**Directions for this task**
Return every record below exactly; leave out the images.

**Data to examine**
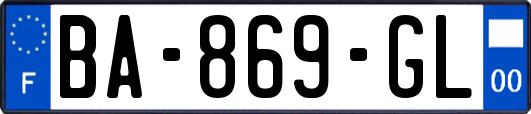BA-869-GL
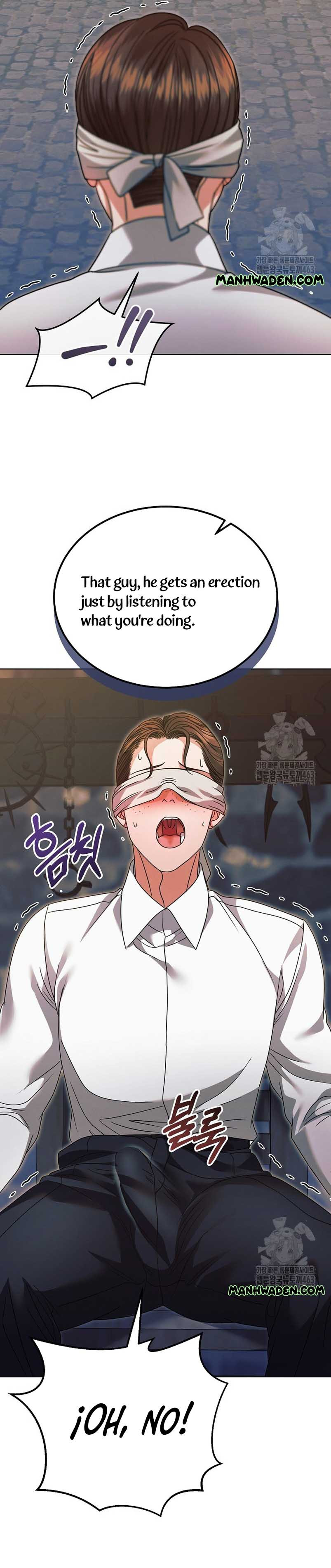 Try Begging Me Chapter 23 page 19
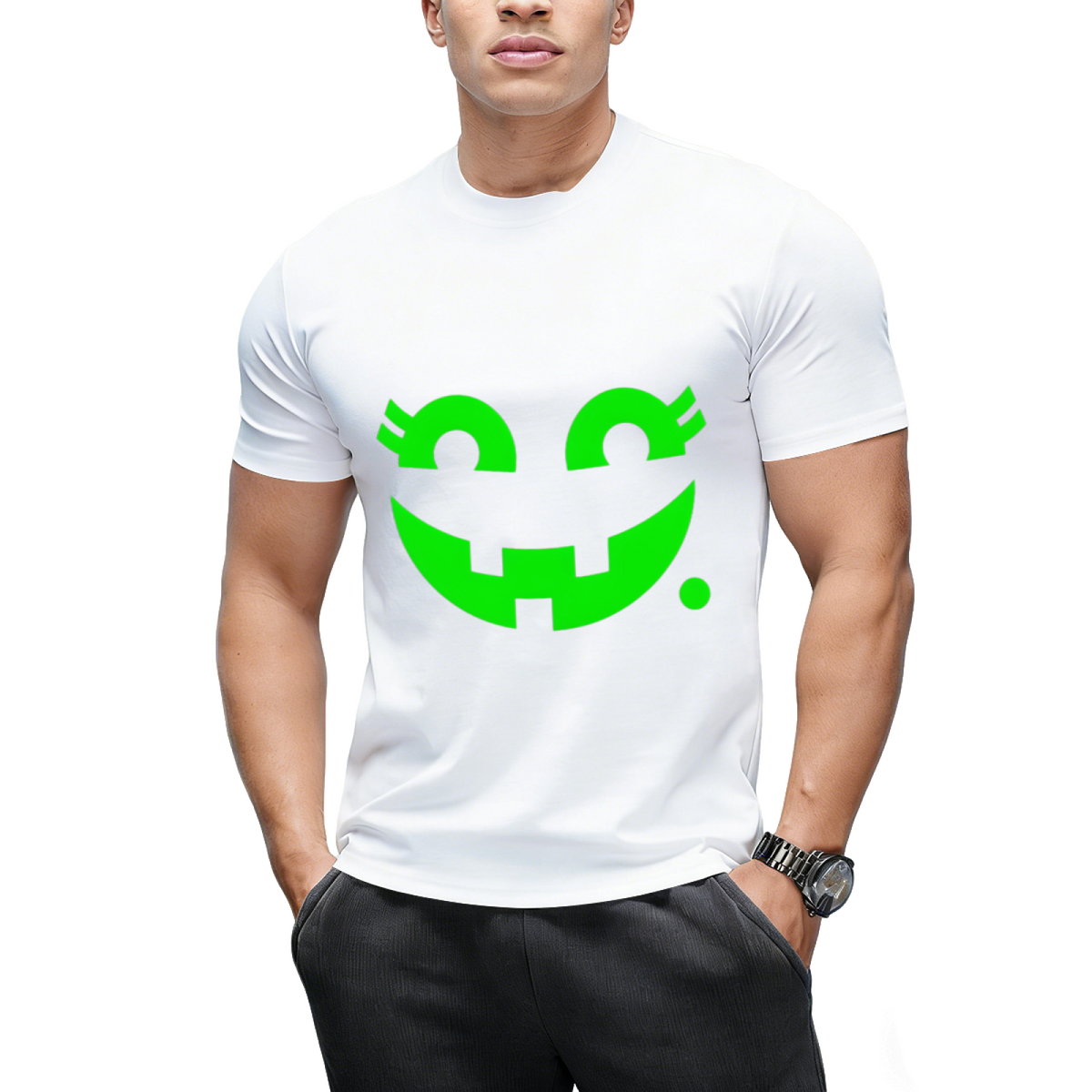 Halloween Boo Buckets McDonalds Vintage Witch T-Shirt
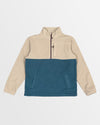 Boundary Mock Neck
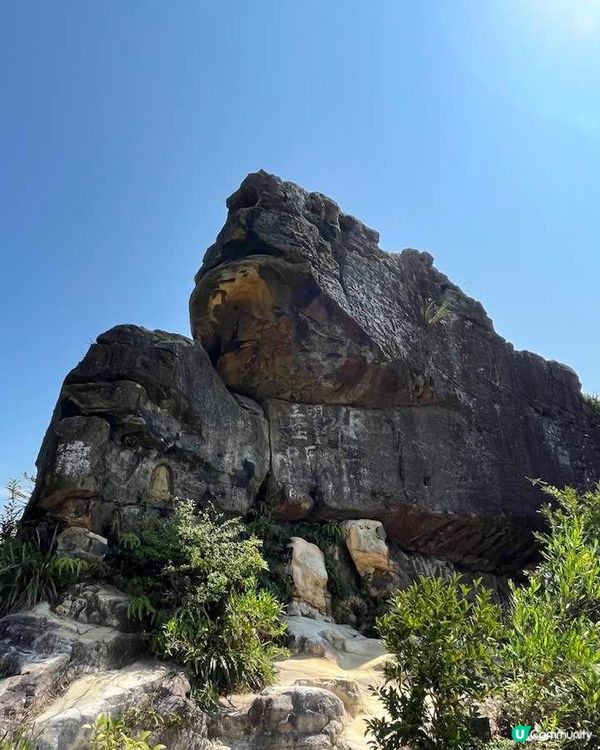 台灣登山記(2)軍艦岩親山步道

**Solved problem**
BA-869-GL
 Try Begging Me Chapter 23 page 19
 Halloween Boo Buckets McDonalds Vintage Witch T-Shirt
 Boundary Mock Neck
 台灣登山記(2)軍艦岩親山步道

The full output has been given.